▸ The problem: Going down the listing below, print exactly each line from the one with "Usa Letter Print Cotton T-shirt" up to and including the one with "ワンタック レーヨン混 I5990_画像1", and skip the rest.

# # # #

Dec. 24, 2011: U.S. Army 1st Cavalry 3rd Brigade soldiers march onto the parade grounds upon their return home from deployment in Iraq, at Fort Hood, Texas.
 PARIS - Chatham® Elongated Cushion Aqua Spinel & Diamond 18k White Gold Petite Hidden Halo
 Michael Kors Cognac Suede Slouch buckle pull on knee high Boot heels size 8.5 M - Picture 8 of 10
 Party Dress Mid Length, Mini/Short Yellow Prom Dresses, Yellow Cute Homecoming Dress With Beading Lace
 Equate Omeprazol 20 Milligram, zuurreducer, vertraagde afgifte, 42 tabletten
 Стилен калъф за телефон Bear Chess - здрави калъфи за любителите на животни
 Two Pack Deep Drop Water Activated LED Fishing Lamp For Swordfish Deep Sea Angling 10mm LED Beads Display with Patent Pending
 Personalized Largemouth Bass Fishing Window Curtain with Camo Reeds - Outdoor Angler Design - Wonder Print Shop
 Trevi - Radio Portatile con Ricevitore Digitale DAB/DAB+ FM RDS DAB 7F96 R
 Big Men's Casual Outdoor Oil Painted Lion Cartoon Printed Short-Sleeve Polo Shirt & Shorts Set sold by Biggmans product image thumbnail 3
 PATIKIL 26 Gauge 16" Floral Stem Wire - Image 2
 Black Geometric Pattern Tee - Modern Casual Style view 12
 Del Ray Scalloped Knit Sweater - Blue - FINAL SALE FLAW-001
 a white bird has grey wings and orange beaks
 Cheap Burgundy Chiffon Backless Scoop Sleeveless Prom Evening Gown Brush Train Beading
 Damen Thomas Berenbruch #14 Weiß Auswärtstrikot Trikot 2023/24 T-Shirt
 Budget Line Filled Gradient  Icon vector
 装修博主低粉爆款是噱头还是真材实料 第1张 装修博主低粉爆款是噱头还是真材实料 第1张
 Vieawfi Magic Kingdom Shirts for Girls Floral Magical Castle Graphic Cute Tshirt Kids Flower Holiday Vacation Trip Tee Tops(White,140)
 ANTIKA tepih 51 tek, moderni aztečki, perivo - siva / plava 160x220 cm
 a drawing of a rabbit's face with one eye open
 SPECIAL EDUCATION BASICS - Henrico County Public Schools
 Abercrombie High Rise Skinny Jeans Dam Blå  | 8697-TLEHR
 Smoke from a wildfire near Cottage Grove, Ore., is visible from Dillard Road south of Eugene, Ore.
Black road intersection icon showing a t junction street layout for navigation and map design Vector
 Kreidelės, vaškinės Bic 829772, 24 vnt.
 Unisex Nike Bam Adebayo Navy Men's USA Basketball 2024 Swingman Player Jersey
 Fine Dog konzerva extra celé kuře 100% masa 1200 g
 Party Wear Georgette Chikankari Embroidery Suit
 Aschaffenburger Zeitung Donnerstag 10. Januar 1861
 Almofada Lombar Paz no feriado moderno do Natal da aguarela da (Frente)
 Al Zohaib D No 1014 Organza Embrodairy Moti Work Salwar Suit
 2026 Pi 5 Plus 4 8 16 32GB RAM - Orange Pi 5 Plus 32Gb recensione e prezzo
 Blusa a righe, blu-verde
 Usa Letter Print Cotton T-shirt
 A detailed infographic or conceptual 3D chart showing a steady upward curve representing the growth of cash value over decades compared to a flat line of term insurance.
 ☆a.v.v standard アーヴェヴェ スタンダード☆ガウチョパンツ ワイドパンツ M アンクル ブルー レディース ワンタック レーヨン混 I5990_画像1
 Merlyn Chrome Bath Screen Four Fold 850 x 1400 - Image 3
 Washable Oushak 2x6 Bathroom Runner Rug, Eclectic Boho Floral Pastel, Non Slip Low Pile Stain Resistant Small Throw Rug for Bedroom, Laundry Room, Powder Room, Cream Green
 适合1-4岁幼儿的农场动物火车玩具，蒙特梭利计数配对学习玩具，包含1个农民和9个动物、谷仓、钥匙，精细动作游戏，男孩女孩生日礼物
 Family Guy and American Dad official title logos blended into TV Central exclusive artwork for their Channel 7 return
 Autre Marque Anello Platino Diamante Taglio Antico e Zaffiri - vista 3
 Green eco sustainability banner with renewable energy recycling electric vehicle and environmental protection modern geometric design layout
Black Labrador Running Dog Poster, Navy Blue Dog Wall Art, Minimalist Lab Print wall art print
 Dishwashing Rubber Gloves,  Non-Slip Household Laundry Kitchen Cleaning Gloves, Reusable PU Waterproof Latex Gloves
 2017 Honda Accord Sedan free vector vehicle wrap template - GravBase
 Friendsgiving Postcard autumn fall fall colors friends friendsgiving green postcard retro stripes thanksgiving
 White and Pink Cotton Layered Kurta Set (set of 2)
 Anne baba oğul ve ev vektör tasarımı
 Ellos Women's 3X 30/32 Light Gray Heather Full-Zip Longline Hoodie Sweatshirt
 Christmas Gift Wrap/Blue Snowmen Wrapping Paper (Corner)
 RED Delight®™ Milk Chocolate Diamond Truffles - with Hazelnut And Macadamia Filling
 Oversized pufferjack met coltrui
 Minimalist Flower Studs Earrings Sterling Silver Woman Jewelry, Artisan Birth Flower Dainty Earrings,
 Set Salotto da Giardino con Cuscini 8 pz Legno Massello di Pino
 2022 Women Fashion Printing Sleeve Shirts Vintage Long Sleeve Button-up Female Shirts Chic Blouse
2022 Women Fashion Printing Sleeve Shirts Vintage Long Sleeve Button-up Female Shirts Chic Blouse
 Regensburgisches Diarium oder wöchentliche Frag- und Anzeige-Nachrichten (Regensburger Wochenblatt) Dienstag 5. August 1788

# # # #

▸ Exercise response:
 Usa Letter Print Cotton T-shirt
 A detailed infographic or conceptual 3D chart showing a steady upward curve representing the growth of cash value over decades compared to a flat line of term insurance.
 ☆a.v.v standard アーヴェヴェ スタンダード☆ガウチョパンツ ワイドパンツ M アンクル ブルー レディース ワンタック レーヨン混 I5990_画像1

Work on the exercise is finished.